For a window into Big Pharma's new push into emerging markets, check out Pfizer and its Venezuelan operations. The world's largest drugmaker is now marketing to some of the world's poorest citizens, via a new program that sends sales reps into poverty-ridden neighborhoods. The Wall Street Journal tags along with one rep, who has to change his walking routes and swap sample bags to foil potential drug burglars.
So far, the strategy appears to be working: Pfizer's market share has tripled to 18 percent in one neighborhood since the program launched in 2007. One doctor in that Caracas slum has increased his Pfizer-drug scrips by 40 percent. And this comes despite the fact that even at cut-rate developing-world prices, Pfizer's branded meds are much more expensive than generic knockoffs.

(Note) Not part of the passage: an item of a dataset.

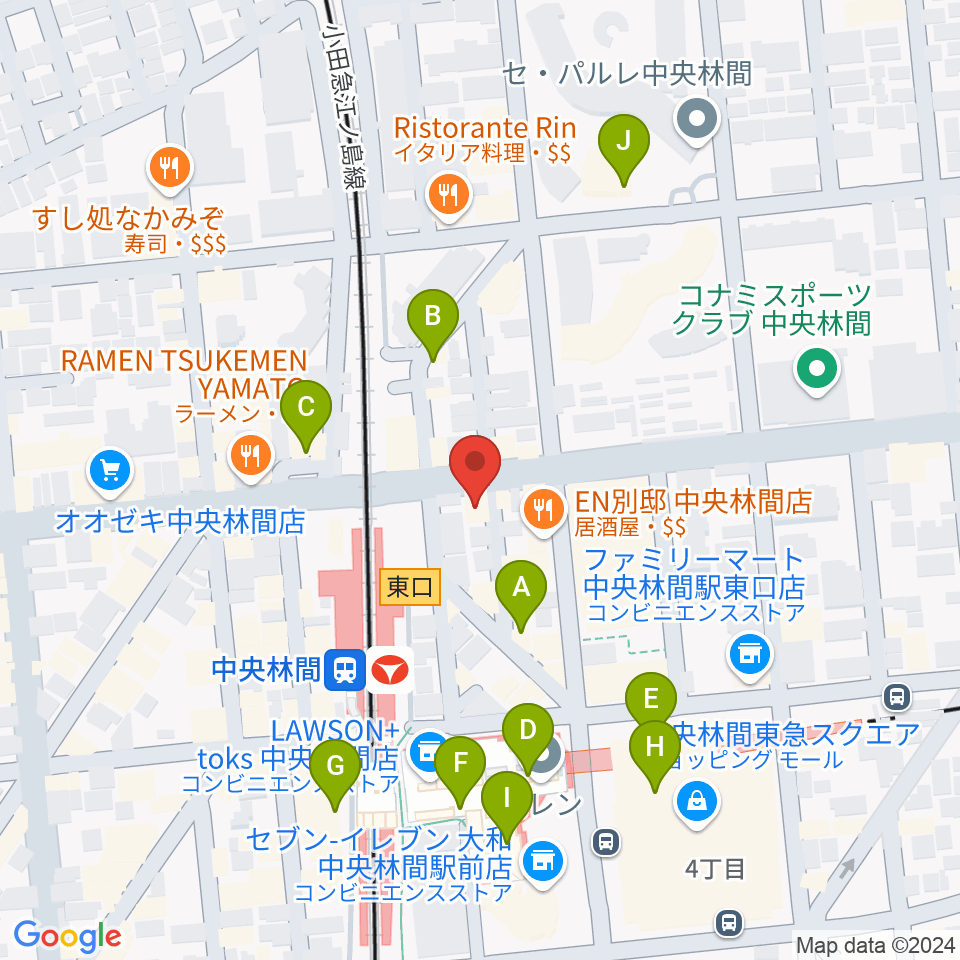 相模楽器 中央林間センター周辺のカフェ一覧地図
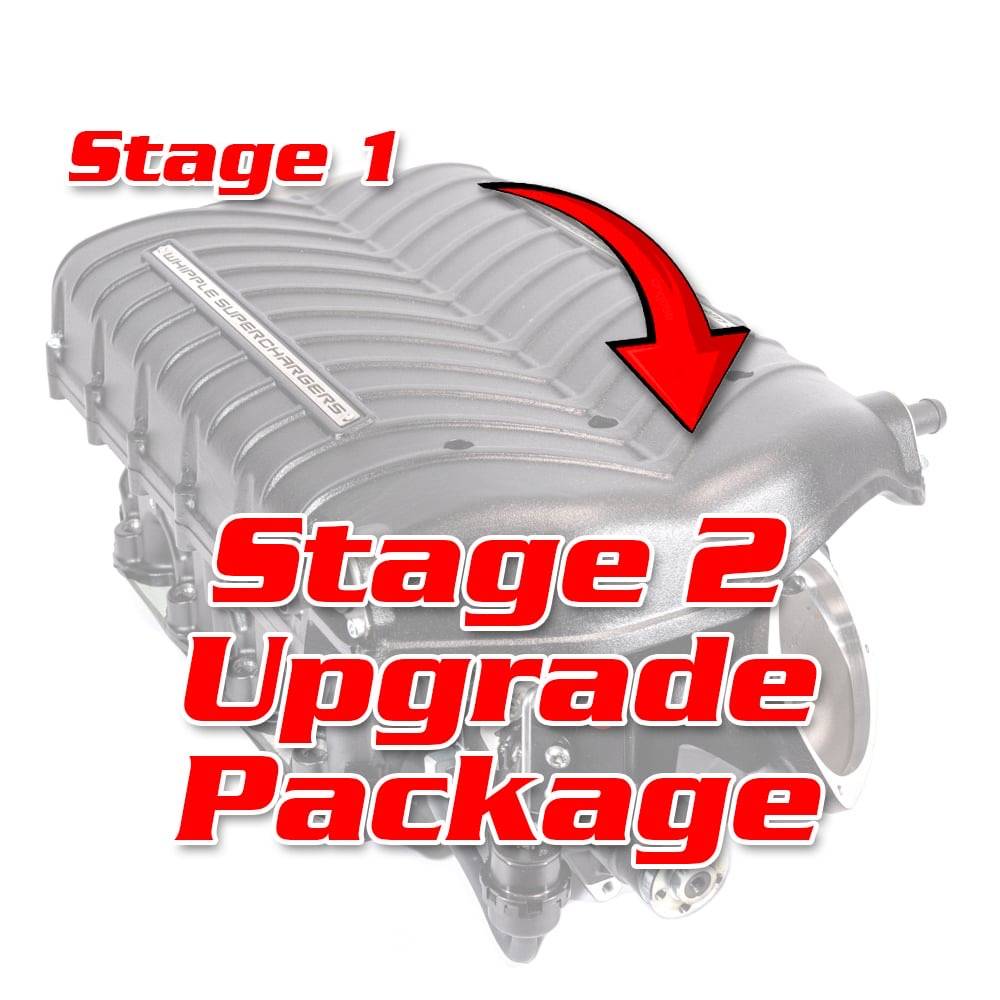 Promotional graphic for Whipple Supercharger Stage 2 Upgrade Kit, featuring a supercharger unit and text highlighting the upgrade from Stage 1 to Stage 2 for F-150.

Apparently, there's a cultural distrust of generic meds: Brand names are considered better, despite or even because of the price. "According to the price, they probably work better," said one patient, who uses Lipitor rather than generic versions of the drug that are available at less than half the cost--despite the fact that he's only paid about $750 a month. Plus, Pfizer can work the growing problem of counterfeit meds to its advantage, too.
Add to this the fact that the Pfizer rep who hoofs it all over the area is paid $930 to $1,800 a month depending on commissions. That's a small fraction of his U.S. counterpart's salary. So not only is the drugmaker growing sales, it's doing so at a lower cost. No wonder the developing world looks so good.